A lot of people frown at the concept of retirement planning. For them, it is a boring job left to miserly individuals who have never been and will never be happy in their whole life. But age wears thin this happy-go -lucky attitude of people. At some point of time, everybody has to do some kind of retirement planning. Some do it like planning the construction of an outhouse adjoining the existing house, while others do it like inflating a life boat from a sinking ship. Those who plan it early in their professional life populate the first category and those who receive this pearl of wisdom late in their career are doomed to the second category.

The Need For A Plan For Retirement

Fundamentally, there are two types of retirement plans: defined benefit scheme and defined contribution scheme. If yours belongs to the first one, then you do not need to plan much. In fact, you cannot. You will get a fixed pension based on the average pay scale and service. But this scheme has been slowly fading from the scene.

At present, most of the schemes belong to the second category. In this scheme, one does not have the guarantee of a fixed pension. But one can contribute a certain amount to the fund and specify the type of investment schemes in which they want their money to be deposited. So, if your retirement plan belongs to a defined contribution scheme, which is the case with most of the current crop of employees, you have to plan well to get the maximum benefit out of it.

First of all, you need to decide on how much you want to deposit in a retirement plan. It should be proportional to how much you would want to get after retirement. You can get the approximate figures of inflation and cost of living at the time of your retirement from various software tools that are available free on the internet.

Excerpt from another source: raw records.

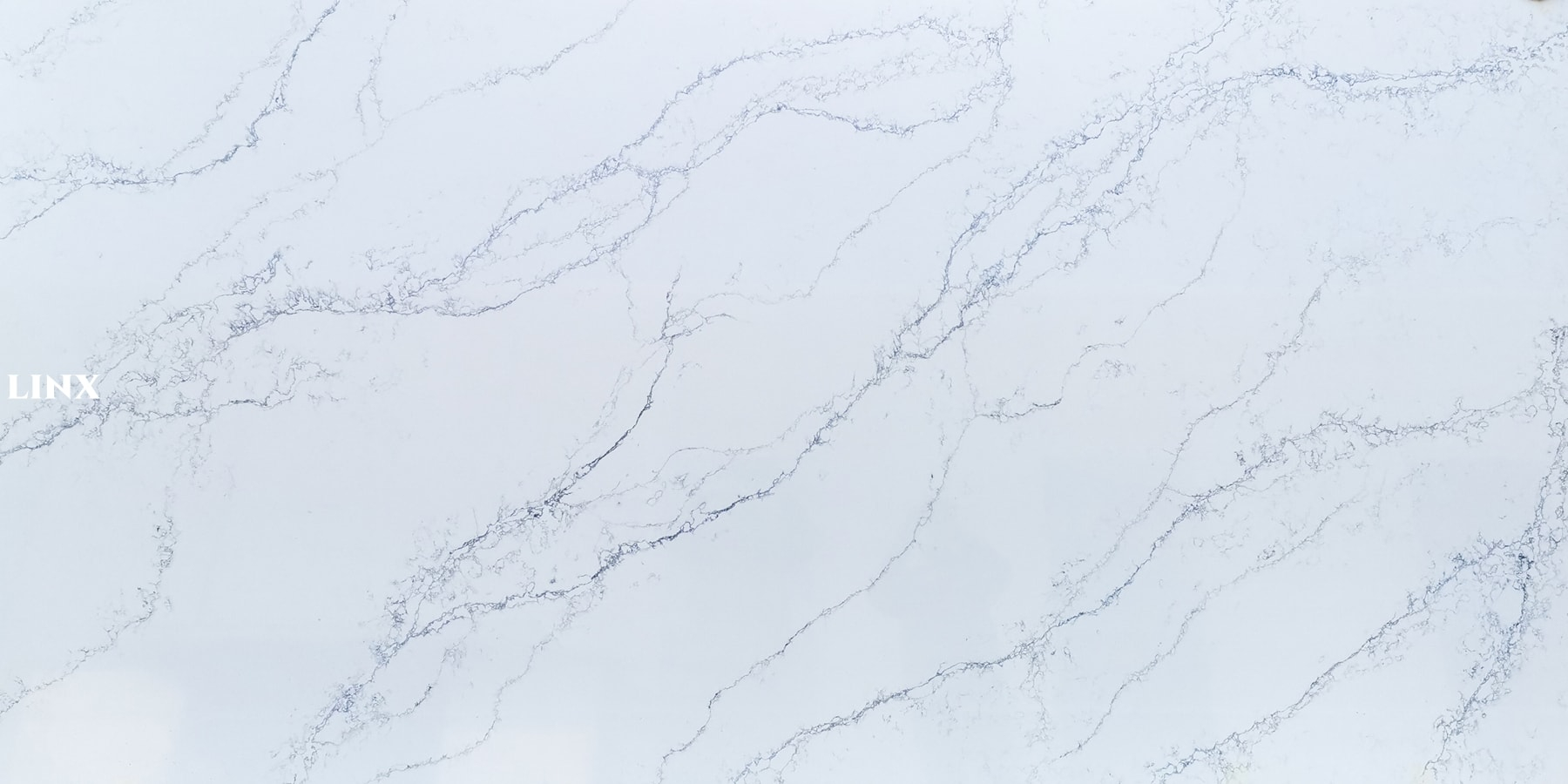 LX6099 CALACATTA WHITE QUARTZ STONE 5 LINX SURFACES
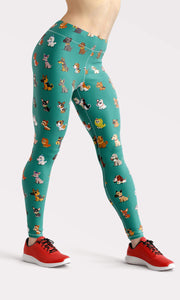 Green lovely doggie yoga pants for yoga fitness active-Alien active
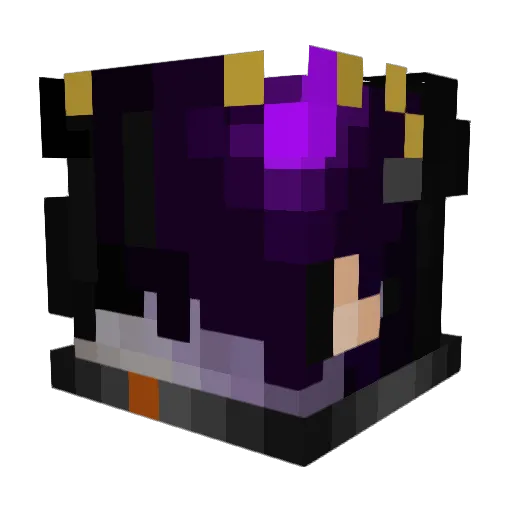 D_KOMC Minecraft avatar head, 3D render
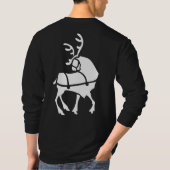 Mannen Reindeer Shirt Festive Kerstmis Shirt (Achterkant)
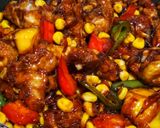 ক্রিসপি চিকেন চিলি কর্ন (crispy chicken chili corn recipe in bengali) রেসিপি ধাপ - 5 ছবি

Second, you need to find a suitable scheme depending on your age, financial position, and tax considerations. There are a number of retirement plans. You need to know the relative advantages or disadvantages of each scheme before selecting one.

Third, you will have the option of specifying the investment vehicle in which your fund should be deposited. These funds are usually deposited in government securities, mutual funds, and stocks. You need to understand the likely risks and benefits of each scheme for being in a position to suggest something.

So, you need to plan thoroughly to get the maximum benefits for each of the above-mentioned three stages of decision making. Since a wrong decision means significant under-utilization of your hard earned money and the resultant reduction in pension benefits, retirement planning should be done with utmost care and precision – boring or not.